Write every entry out again exactly, please, and skip the pictures.

[Short descriptive text snippets]
--------------------------------------------------

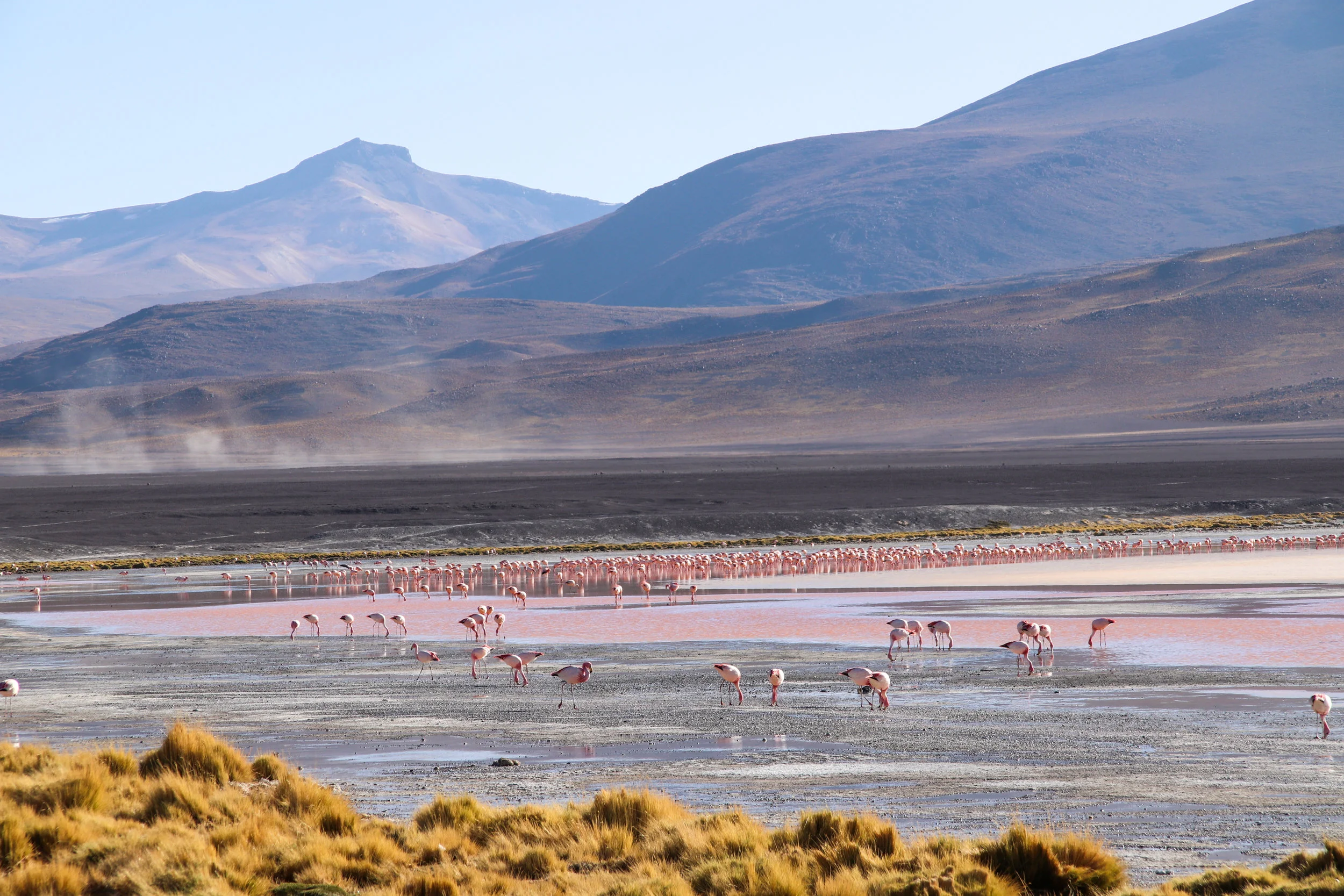 IMG_6472Flamingos in lagoon.jpg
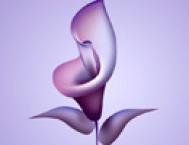 Photoshop绘制漂亮的紫色立体花朵教程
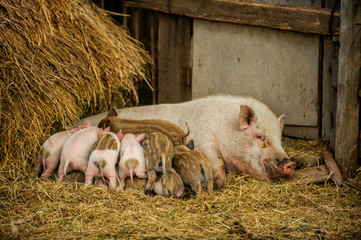 Large white pig of the Vietnam breed feeds piglets. Concept of happy motherhood in animals.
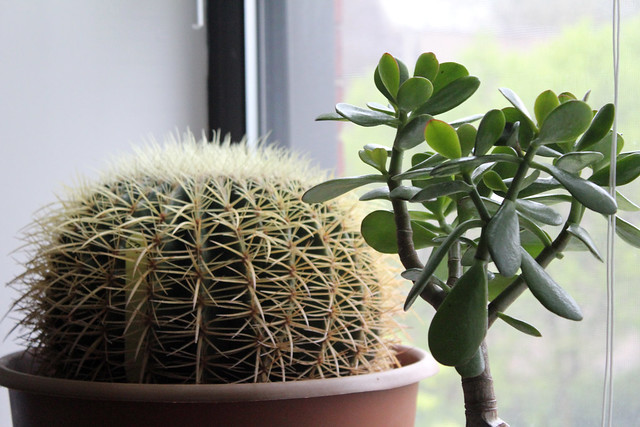 barrel cactus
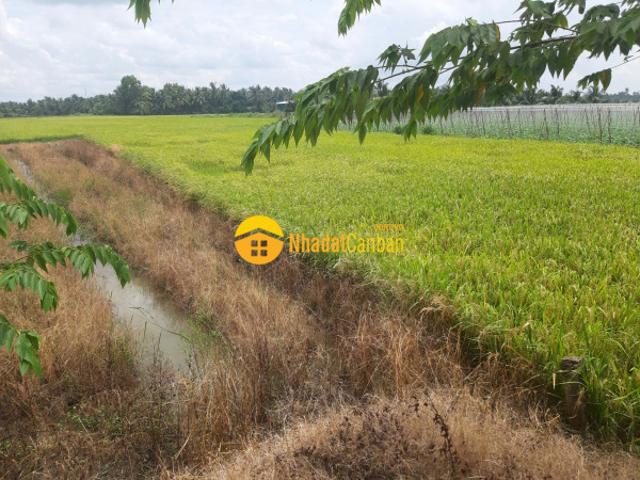 Mặt bằng bán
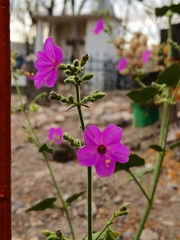 Mirabilis viscosa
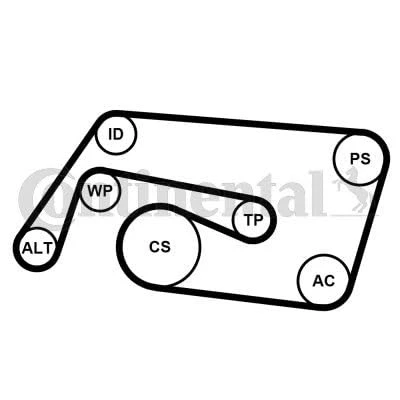 Image de CONTITECH 6PK2260K2 Jeu de courroies trapézoïdales à nervures MERCEDES BENZ: Classe C Coupe, Berline, CLK Coupe
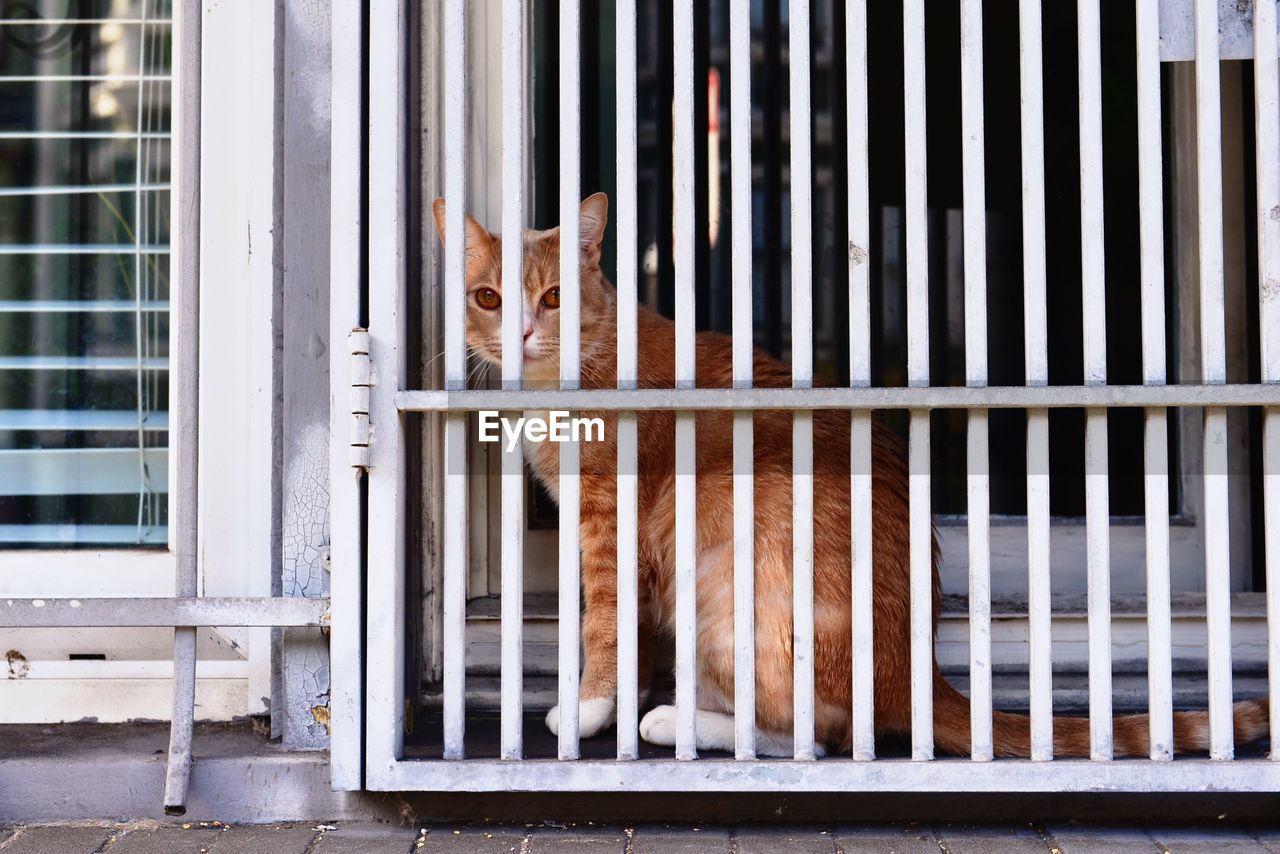 Cat sitting on window sill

--------------------------------------------------

[Problem solution]
 IMG_6472Flamingos in lagoon.jpg
 Photoshop绘制漂亮的紫色立体花朵教程
 Large white pig of the Vietnam breed feeds piglets. Concept of happy motherhood in animals.
 barrel cactus
 Mặt bằng bán
 Mirabilis viscosa
 Image de CONTITECH 6PK2260K2 Jeu de courroies trapézoïdales à nervures MERCEDES BENZ: Classe C Coupe, Berline, CLK Coupe
 Cat sitting on window sill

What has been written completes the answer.